Halten dieser Zeitplan und die knappe Mehrheit in der republikanisch dominierten zweiten Kongresskammer, dann würde Barrett nicht nur rechtzeitig vor der Präsidentschaftswahl am 3. November als Nachfolgerin der vor knapp 10 Tagen im Alter von 87 Jahren gestorbenen Ruth Bader Ginsburg angelobt werden. Barrett säße auch schon auf der Richterbank, wenn das neunköpfige Richtergremium am 10. November damit beginnt, die ersten mündlichen Stellungnahmen in einem Fall einzuholen, mit dem die Republikaner hoffen, die Gesundheitsreform von Ex-Präsident Barack Obama auszuhebeln.
Trump will das auch als Obamacare bekannte Prestige-Projekt seines Vorgängers, das unter anderem Personen mit Vorerkrankungen erstmals den Zugang zur Krankenversicherung garantierte, schon die längste Zeit vom Supreme Court aufgehoben sehen. Bei einem früheren juristischen Angriff war der Affordable Care Act allerdings mit einer knappen Mehrheit von fünf zu vier Stimmen vom Höchstgericht bestätigt worden. Mit Barrett hätten die Konservativen nun eine Mehrheit von sechs zu drei Stimmen.
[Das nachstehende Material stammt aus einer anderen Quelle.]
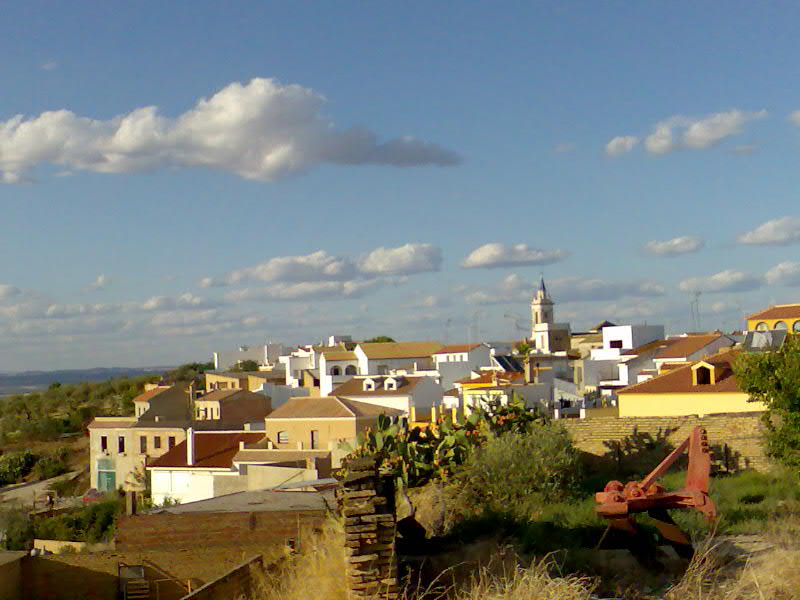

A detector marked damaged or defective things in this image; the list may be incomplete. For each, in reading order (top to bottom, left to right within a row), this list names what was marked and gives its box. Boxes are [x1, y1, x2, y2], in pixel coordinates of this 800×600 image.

Entsprechend rücken die Demokraten im Ringen um die Neubesetzung des Höchstgerichts nun auch die Gesundheitsreform ins Zentrum. "Es ist kein Geheimnis, was hier passiert", sagte der demokratische Herausforderer Joe Biden. "Trump versucht, den Affordable Care Act zu entsorgen. Er macht das schon seit vier Jahren." Ein Zurückdrehen der Reform hätte Biden zufolge vor allem schwerwiegende Folgen für Corona-Patienten, die im Fall von Lungen- oder Herzkomplikationen von Krankenversicherern abgelehnt werden könnten.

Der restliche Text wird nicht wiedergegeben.